I am relieved to receive my own prayer back.  Not that I care if someone else got it.  But just because then I’m not a poser, pretending to believe. (why does that give me grace or assurance, or comfort regarding the prayer, does she wish she could believe, does she feel that since she doesn’t believe is she not a true Indian, is there such thing as an atheist or agnostic Indian? What does prayer bring to the character?)
Prayer givers name:  She who tries too hard.
Prayer:
Oh Gitchi Manitou, great Creator
Thank you for giving my people life.  When Nanabush came and helped my people in the world, it was a great sacrifice for you.  Thank you to Grandmother and all her love and care.  She gave it nurturing the Anishnabeg.  Chi Meegwetch!

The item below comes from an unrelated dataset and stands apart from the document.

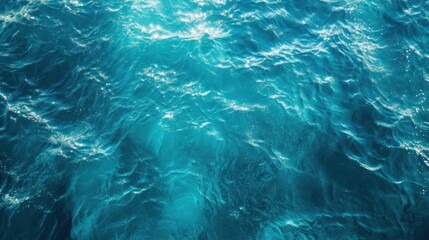 Fototapeta premium Aerial perspective of turquoise ocean waves, blue sea surface, transparent water background, serene and clear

What if that was my prayer? (Eric’s prayer)
I love this prayer, not hokey at all, but giving thanks for all that they have, in their own way.  I love the gunk, forget the gunk, just see past to who the person is.  Simple pure.  Thank you.  I don’t know what else to say.  Prayer.  I wish I could have faith and belief like that.  To trust in a higher power, something beyond me to blame.
Notes:
Feeling stuck or disappointned and not feeling like Geronimo.
How important it is for Wanda to be seen as an Indian?  Who I am vs what I am? When talking about Geronimo and how I fucked up his name with Sitting bull.  It was honest, then I put the vail back up.  There is passion to talk about Geronimo but it was
Use all the rxn about what this epiphany does to me!
Assignment:  what an Indian isn’t!   all the things I can’t stand that Indians wear, is there anything they wear that I find cool, hip, or unique.  Tshirt-Yes, yes I am Indian.


Feb 11, 2010
Class sucked!  I hate talking about myself.
Have the dramatic question
See what’s there
Do an outline
NAIL THE DRAMATIC QUESTION. Will help to see what I need, to see what the arc is.
See the arc of the story, what’s the beginning, middle and end.
What point of view your telling the story from.

His name is Eric Welch, Amazing kid company.